Entretien -
Tous et toutes indépendants ? Pour les jeunes cadres, le rêve souvent avorté de l’autonomie
La baisse d’attractivité du salariat et la précarisation du marché du travail incitent un nombre croissant de jeunes diplômés à tenter de créer leur propre emploi. Mais l’auto-entreprenariat reste une aventure hasardeuse qui suppose des ressources spécifiques. Pour Olivia Chambard, l’idée selon laquelle tout le monde peut être entrepreneur est un mythe.
Olivia Chambard est sociologue, maîtresse de conférences à l’université d’Évry/Paris-Saclay et chercheuse au Centre Pierre-Naville et au Centre d’études de l’emploi et du travail (Ceet-Cnam). Elle est l’autrice de Business model. L’université nouveau laboratoire de l’idéologie entrepreneuriale, La Découverte, 2020.
– Options. Plusieurs études mettent en évidence une hausse du travail indépendant en début de vie active, en particulier chez les diplômés de l’enseignement supérieur. Comme l’expliquer ?
– Olivia Chambard. Cette hausse doit être relativisée. D’abord parce qu’il est difficile d’obtenir des chiffres fiables sur la création d’entreprise, portée largement par le régime de l’auto ou du micro-entrepreneur, pour toutes les catégories d’âge. Plus de la moitié des créations d’entreprise se font aujourd’hui sous ce régime, mis en place en 2008 par la loi de modernisation de l’économie. Ensuite parce qu’il faut surtout s’intéresser à la survie de ces entreprises, créées facilement par un simple « clic », et au chiffre d’affaires généré. Or, le revenu moyen d’un micro-entrepreneur avoisine à peine les 600 euros mensuels, l’équivalent d’un job étudiant, ce qui oblige à cumuler ce statut avec une autre activité. C’était d’ailleurs pensé comme cela au départ par ses promoteurs.

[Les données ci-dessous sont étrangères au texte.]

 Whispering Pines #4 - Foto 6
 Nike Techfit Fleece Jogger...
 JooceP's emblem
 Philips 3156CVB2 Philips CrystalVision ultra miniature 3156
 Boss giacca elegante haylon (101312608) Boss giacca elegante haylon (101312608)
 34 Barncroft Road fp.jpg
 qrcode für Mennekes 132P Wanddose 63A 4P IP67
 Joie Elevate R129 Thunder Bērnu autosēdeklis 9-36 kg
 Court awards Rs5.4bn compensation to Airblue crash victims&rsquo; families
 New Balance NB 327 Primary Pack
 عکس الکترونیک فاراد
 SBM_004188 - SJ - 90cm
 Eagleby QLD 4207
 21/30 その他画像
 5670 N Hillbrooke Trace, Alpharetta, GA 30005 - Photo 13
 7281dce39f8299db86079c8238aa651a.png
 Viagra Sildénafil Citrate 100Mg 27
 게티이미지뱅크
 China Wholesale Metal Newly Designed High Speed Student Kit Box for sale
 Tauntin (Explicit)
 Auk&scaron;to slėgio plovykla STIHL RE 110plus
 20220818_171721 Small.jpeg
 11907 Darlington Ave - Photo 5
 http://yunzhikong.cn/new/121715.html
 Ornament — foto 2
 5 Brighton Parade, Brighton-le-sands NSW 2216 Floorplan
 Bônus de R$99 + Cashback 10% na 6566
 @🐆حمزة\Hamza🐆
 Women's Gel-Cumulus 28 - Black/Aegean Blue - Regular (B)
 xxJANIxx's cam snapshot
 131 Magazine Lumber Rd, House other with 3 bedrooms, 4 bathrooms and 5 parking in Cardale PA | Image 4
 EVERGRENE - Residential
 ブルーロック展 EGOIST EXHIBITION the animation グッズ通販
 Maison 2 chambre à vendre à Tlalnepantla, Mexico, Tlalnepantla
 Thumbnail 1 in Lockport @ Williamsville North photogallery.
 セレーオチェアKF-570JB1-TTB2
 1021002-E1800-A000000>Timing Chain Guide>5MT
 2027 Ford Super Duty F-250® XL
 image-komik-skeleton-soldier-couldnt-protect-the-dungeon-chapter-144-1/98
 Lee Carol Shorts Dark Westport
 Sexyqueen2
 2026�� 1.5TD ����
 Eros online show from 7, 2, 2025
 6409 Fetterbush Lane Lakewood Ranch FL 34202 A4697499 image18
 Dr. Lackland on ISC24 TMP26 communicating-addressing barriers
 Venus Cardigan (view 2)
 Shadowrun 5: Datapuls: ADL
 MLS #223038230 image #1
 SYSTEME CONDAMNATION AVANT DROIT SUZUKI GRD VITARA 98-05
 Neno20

Une fois précisées ces précautions méthodologiques, il est vrai qu’apparaît une légère augmentation de la part des indépendants, davantage marquée pour les jeunes. Ce mouvement s’explique en grande partie par les mesures de simplification administrative ; il s’inscrit aussi dans la multiplication des dispositifs à destination des jeunes pour devenir « indépendants » ou « entrepreneurs », avec d’ailleurs un imaginaire entretenu autour de ces termes : valorisés, supposés « modernes », ils s’opposeraient à la « soumission » et au caractère « dépassé » du salariat.
Les jeunes, notamment dans les grandes écoles, sont incités, formés, accompagnés dans ce sens. C’est l’objet de ma thèse (1). Le mouvement, s’il n’est pas aussi massif que certains l’espéraient, s’inscrit dans les transformations du salariat, dont la subordination pouvait être acceptée en échange de protections acquises avec les luttes sociales ; dès lors que ces protections s’affaiblissent, comme cela est le cas notamment sous l’effet des lois Travail de 2016-2017, un appel d’air est créé pour l’essor du travail indépendant. La baisse d’attractivité du salariat et la précarisation du marché du travail peuvent conduire des jeunes à tenter l’expérience en créant leur propre emploi au moment d’entrer dans la vie active. Au total, toutefois, le travail indépendant n’occupe que 12 % de la population active.
– Leur rapport au salariat est toutefois ambivalent : attirés par l’indépendance, avec la prise de risque associée, mais encore attachés à la relation salariale. Comment analysez-vous cette apparente contradiction ?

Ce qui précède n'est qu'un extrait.